=== Section Start ===

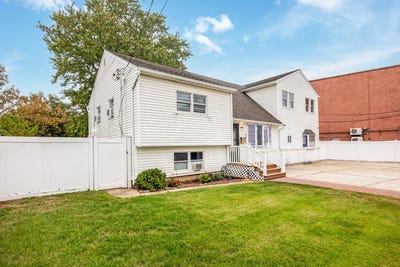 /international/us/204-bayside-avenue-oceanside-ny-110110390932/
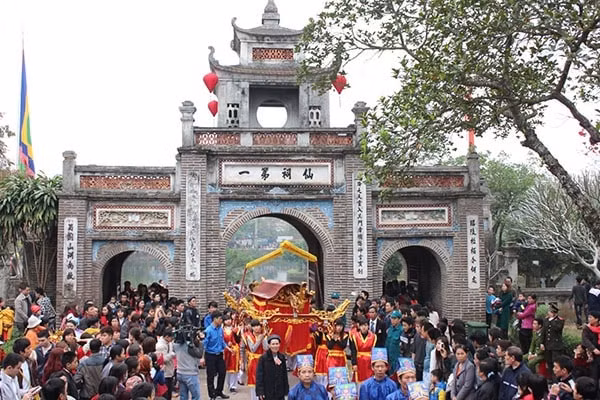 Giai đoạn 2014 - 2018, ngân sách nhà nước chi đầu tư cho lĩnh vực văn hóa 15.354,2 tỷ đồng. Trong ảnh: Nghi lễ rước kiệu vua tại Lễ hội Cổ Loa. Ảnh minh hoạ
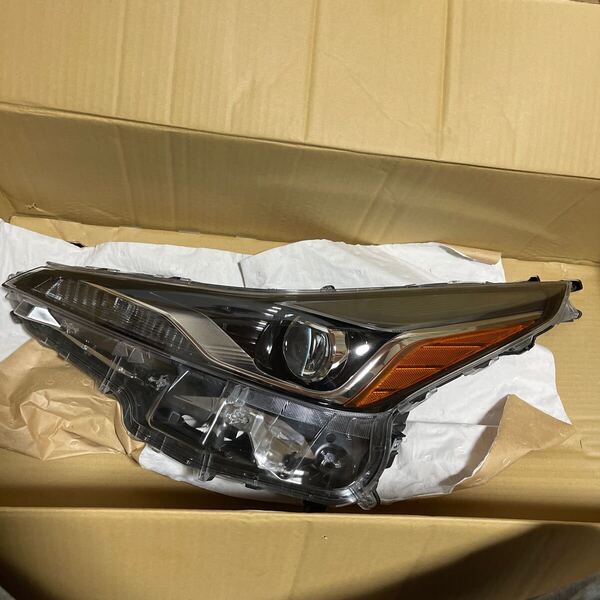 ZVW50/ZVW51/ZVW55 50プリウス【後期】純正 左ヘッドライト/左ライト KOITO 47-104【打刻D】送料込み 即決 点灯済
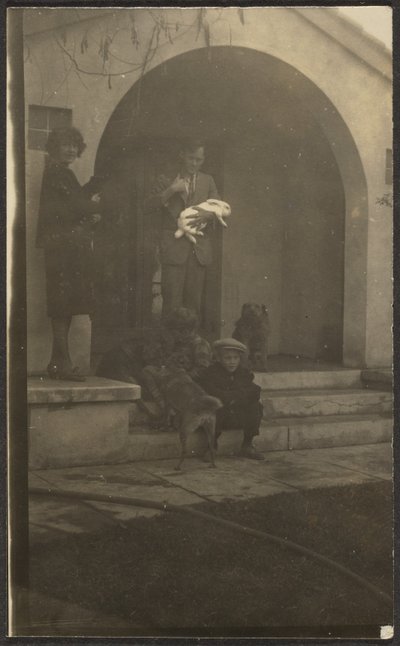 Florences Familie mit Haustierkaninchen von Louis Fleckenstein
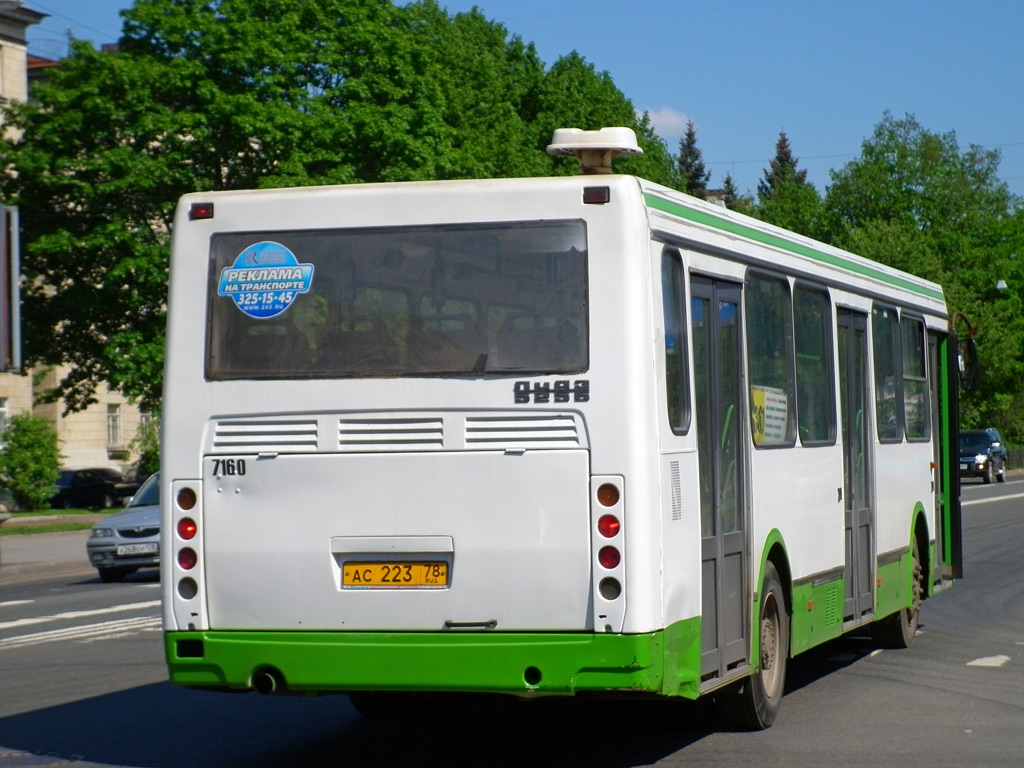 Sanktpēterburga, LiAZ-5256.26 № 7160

=== Section End ===

→ **TASK**
If a line falls between the one containing "Florences Familie mit" and the last line of the records above, inclusive, restate it exactly; leave out the pictures and everything else.

→ **RESULT OF THE TASK**
 Florences Familie mit Haustierkaninchen von Louis Fleckenstein
 Sanktpēterburga, LiAZ-5256.26 № 7160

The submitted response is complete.